Possible review fraud is a vital factor to consider when discussing bias in online product reviews. Researchers find evidence for positive review manipulation and negative review manipulation (of competitors). Fake reviews exhibit more extremity bias. A crucial reason to engage in review fraud is economic incentive because of competition or poor reputation. While effective in the short-term, in the long-term, sellers engaging in review fraud face backlash in the form of lower valence after they stop purchasing fake reviews.
As the interests of platform and product managers do not always align, the implications for platform and product managers may diverge. Because ratings do not convey objective quality, managers should not solely rely on valence as the measurement for online product reviews. Platform managers should display variance and information relating to volume to boost the displayed information content of online product reviews. Displaying additional metrics may not be in the interests of product managers because they benefit from positivity bias as sales and electronic word of mouth correlate. However, product managers should incorporate these additional metrics in their evaluation of online product reviews as the degree of variance yields important information for consumers.
Additionally, product managers should be aware that a declining trend in ratings does not automatically indicate a decline in underlying true product quality.
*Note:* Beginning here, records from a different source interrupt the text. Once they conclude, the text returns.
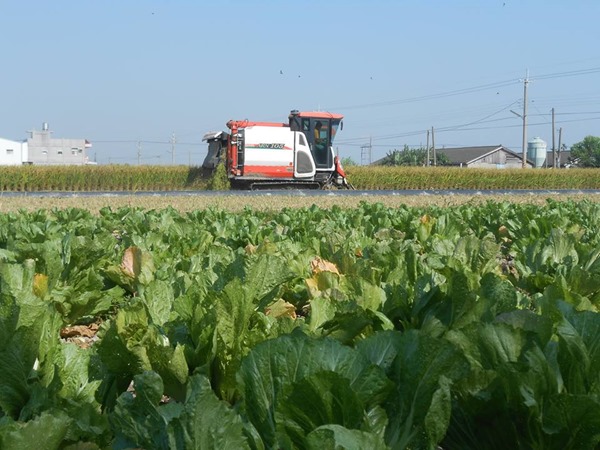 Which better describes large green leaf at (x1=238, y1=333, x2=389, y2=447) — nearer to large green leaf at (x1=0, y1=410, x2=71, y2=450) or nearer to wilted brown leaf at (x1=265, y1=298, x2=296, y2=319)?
large green leaf at (x1=0, y1=410, x2=71, y2=450)

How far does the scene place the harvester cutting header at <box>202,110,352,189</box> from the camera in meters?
31.7

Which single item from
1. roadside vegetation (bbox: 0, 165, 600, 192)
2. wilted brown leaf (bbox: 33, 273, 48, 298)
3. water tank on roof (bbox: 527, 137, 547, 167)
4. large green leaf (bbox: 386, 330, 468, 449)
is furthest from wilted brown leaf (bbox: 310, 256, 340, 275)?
water tank on roof (bbox: 527, 137, 547, 167)

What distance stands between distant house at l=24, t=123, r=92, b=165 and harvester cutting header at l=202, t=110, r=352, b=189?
241ft

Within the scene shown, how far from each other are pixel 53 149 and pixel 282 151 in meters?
85.4

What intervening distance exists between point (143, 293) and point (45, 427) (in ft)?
4.24

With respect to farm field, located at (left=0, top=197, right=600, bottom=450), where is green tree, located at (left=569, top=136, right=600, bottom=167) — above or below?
above

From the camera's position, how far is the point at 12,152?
98500 millimetres

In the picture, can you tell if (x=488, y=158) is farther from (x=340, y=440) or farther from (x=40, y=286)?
(x=340, y=440)

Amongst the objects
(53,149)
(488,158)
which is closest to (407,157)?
(488,158)

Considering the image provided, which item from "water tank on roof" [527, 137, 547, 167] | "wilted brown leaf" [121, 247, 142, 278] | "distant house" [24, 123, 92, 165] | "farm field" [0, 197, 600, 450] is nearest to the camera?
"farm field" [0, 197, 600, 450]

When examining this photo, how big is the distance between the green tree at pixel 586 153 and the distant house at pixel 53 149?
68895mm

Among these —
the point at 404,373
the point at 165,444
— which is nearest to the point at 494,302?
the point at 404,373

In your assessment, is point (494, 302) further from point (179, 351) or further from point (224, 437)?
point (224, 437)

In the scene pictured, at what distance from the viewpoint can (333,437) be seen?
123cm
To reduce self-selection biases, it has been the prevailing understanding that platform managers should consider soliciting reviews by reminding or incentivizing potential reviewers to submit a review. Further, platforms should display information on silent transactions as the decision not to post a review also contains an informational value.
Product managers need to exercise caution when deciding whether they should engage in managerial response and if they decide to do so, plan the approach carefully. Managers should only customise responses to negative reviews and wait for negative reviews to be “buried” in further positive reviews before providing responding. Product managers should not engage in review fraud as, besides being highly unethical, the effects of purchasing promotional reviews are often short-lived and not self-sufficient. One feasible measure that platforms managers can implement to limit review fraud is introducing verified reviews that indicate that the respective reviewer purchased the product.
Many findings described above are so far by-products of research on the effect of online product reviews on market outcomes or specific actions like managerial response to online reviews. Therefore, a general need for further systematic research on biases contained in online product reviews exists. Besides platform and product managers, for example, another interesting angle to assess biases in online product reviews can be consumers themselves, and how they perceive various aspects of these ratings.